[ttl] Allocate pipe resources by transfer liveness

[brnorris03]

Problem description

PR #624 introduces explicit Pipe Transfer IR, but physical synchronization resources are still allocated mostly by logical pipe or PipeNet identity. That means two same-source transfers consume distinct sender-ready counters and address-table slots even when their transfer lifetimes do not overlap.

In this PR, a transfer is live from the receive post (ttl.copy from pipe to destination DFB) that publishes the receiver-owned destination address until the send (ttl.copy from source DFB to pipe) that consumes that address and the corresponding sender-ready count. After that send, the source-core address-table slot and sender-ready counter can be reused even if the public transfer handle remains live until ttl.wait. Allocating by logical pipe keeps resource use tied to the number of logical pipes instead of the number of concurrently live transfers, and prevents the generated resource plan from expressing reuse when same-source transfers are serialized.

What's changed

This PR uses explicit Pipe Transfer IR lifetimes to allocate the source-core resources whose values are needed only between receive post (ttl.copy from pipe to destination DFB) and send (ttl.copy from source DFB to pipe). For example, this reduces the issue #625 reproducer compiler-managed pipe SRAM scratch from 160 bytes to 32 bytes by reusing non-overlapping address-table entries.

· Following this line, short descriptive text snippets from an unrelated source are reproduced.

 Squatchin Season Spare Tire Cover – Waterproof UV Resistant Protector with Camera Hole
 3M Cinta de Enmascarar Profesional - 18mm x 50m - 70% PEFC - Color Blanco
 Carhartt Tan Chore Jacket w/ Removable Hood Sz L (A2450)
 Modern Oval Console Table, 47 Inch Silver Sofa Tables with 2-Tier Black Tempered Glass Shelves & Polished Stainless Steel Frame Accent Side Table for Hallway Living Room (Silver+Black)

• Allocates sender-ready counters from transfer live intervals instead of from logical pipe count.
• Allocates receiver-authored source-core address-table slots from the same transfer live intervals.
• Extracts shared live-interval allocation utilities so future resource allocators can reuse the same deterministic interval coloring logic.
• Keeps receiver-completion counters per PipeNet in this PR.
• Keeps user-facing ttl.create_pipe, ttl.copy, and ttl.wait behavior unchanged.
• Preserves the PR [ttl] Use receiver-authored SRAM address tables for scalable PipeNet collectives(#620) #622 aggregate-ready protocol and the PR [ttl] Introduce pipe transfer IR #624 internal Pipe Transfer IR contract.
• Adds a deterministic diagnostic for the same-block case where a later receive post would require more than one live receive post for the same logical pipe.
• Clarifies that TT-Metal NoC multicast supports one destination L1 (SRAM) address for all receivers, so non-uniform collective destination addresses are rejected rather than tracked as future per-receiver multicast support.

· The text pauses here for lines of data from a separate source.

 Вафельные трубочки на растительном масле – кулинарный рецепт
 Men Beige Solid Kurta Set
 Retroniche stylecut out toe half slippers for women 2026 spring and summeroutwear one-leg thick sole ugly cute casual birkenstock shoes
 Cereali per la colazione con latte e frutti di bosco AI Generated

This PR does not add phased lowering, receive-ahead transfer posting, DFB batching, or transfer grouping (future planned PRs, see below).

Tests

New tests cover same-source overlap and reuse in MLIR lowering, the queue-depth diagnostic for a second receive post before an intervening send, the updated non-uniform multicast destination diagnostic, and runtime Python lit regression coverage based on the dual-route ksplit PipeNet schedule in #625.

Stacked PR sequence

Pipe compilation work required to match Blaze's scalable communication model: GlobalSemaphore-backed counting, explicit L1 address/state, live-interval allocation, and batching where storage is limiting.

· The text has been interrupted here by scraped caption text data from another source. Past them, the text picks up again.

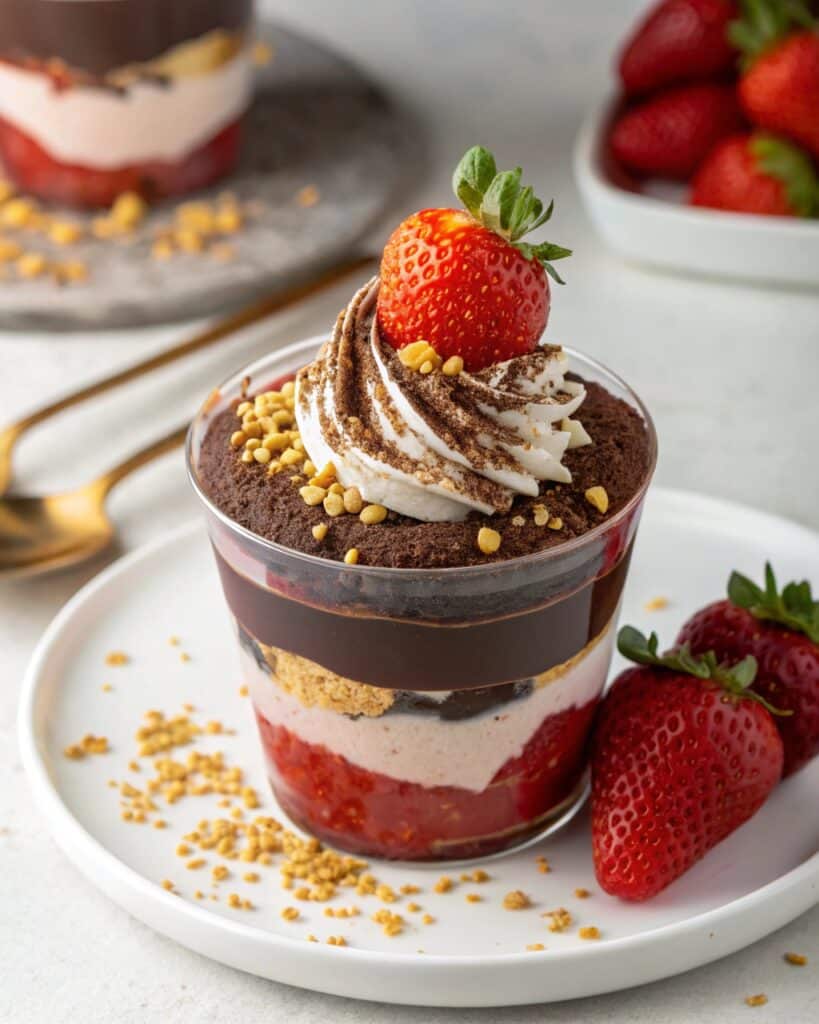 Dubai chocolate strawberry dessert cup
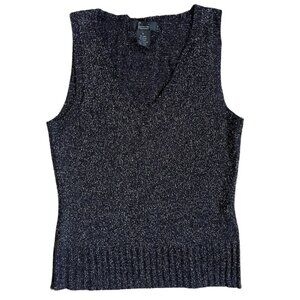 Frenchi Black Metallic Sparkle Sleeveless Top Size Small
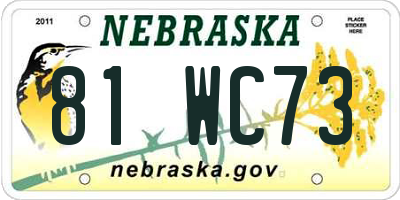 NE license plate 81WC73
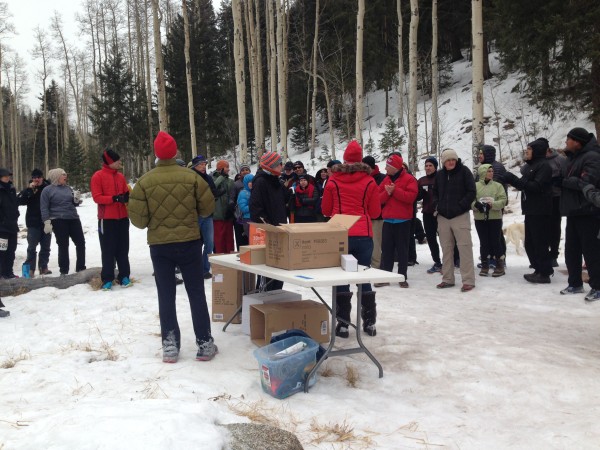 Participants and spectators gather for the awards presentation at the 2015 Santa Fe Snowshoe Classic.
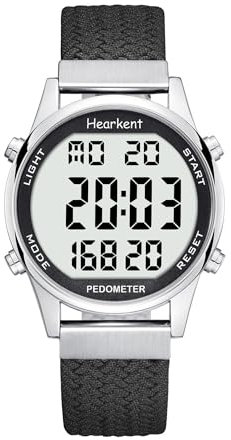 Reloj podómetro para mujer, correa de nailon flexible, sin aplicación ni carga necesarias, con conteo de pasos, calorías, distancia, pulsómetro, reloj y retroiluminación de pantalla, 2401 (negro)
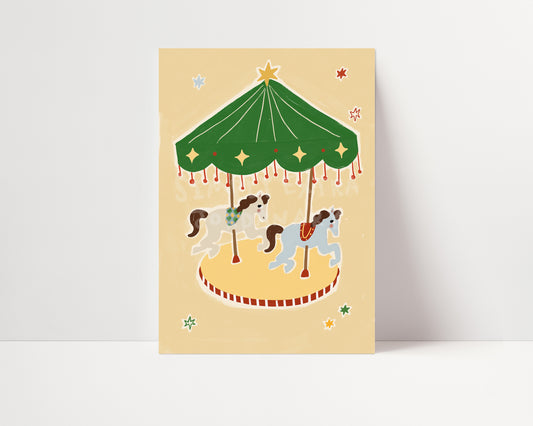 Circus Carousel | Whimsical Print | UNFRAMED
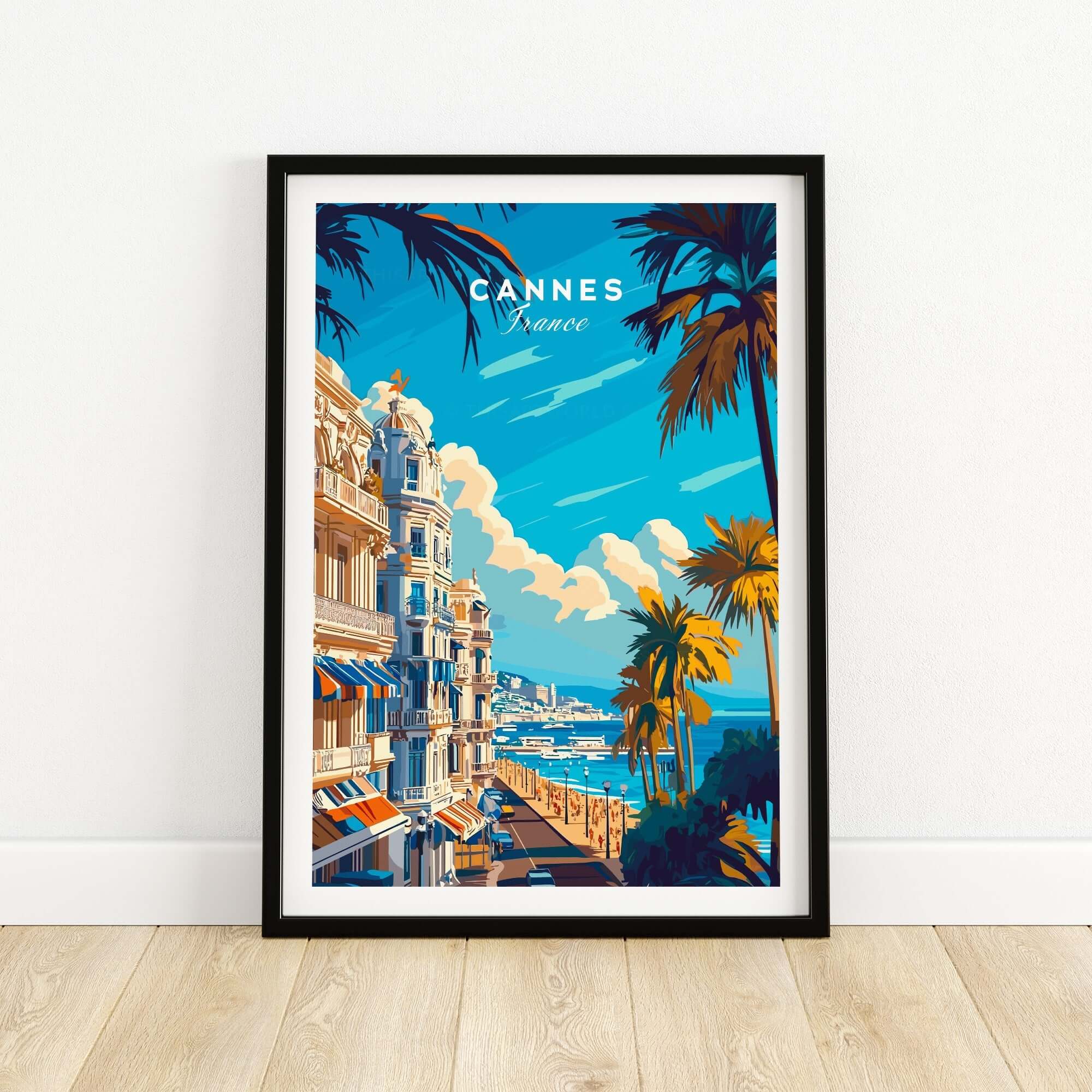 Cannes Wall Art Poster featuring a vibrant scene of Cannes, France with palm trees and beach view.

#	PR	Status	Main problem solved
1	#614	Base PR	Makes PipeNet transfers correct by switching to receiver-posted destination DFB addresses. This removes sender inference of receiver DFB write-pointer state, but not semaphore pressure.
2	#622	Base PR	Removes collective receiver-count and source-local pipe-count semaphore growth by using receiver-authored SRAM address tables, compiler-emitted pipe resource plans, and GlobalSemaphore-backed ready counters. This eliminates the local semaphore-id scaling limit for large uniform collective transfers.
3	#624	Base PR	Represents transfer phase, receiver-authored address publication, ready counting, send, and receive-token wait explicitly before control-flow-general lowering. This removes the need to infer transfer phase and queue depth from ttl.copy placement.
4	#627	Current PR	Assigns source-core address-table slots and sender-ready counters from explicit pipe transfer lifetimes. This reduces those resources from logical pipe count to concurrently live same-source transfer count while keeping receiver completion per PipeNet.
5	TBD	Planned follow-up	Supports phased pipe transfer lowering for receive-ahead and pipelined loops with monotonic ready counts, finite address-table depths, and deterministic diagnostics when safe pipe transfer state cannot be allocated. This extends the current one-live-post protocol to programs where later receive posts may be live before earlier sends complete. Issue #623.
6	TBD	Planned follow-up	Lowers large all-to-all into communication batches when receiver DFB capacity is smaller than the number of incoming pipes. This eliminates the simultaneous receiver DFB slot scaling limit when the program can consume batches incrementally.
7	TBD	Planned follow-up	Groups post/wait state when pipe tokens prove identical lifetime and completion behavior. This reduces duplicate pipe synchronization resources after liveness allocation exists.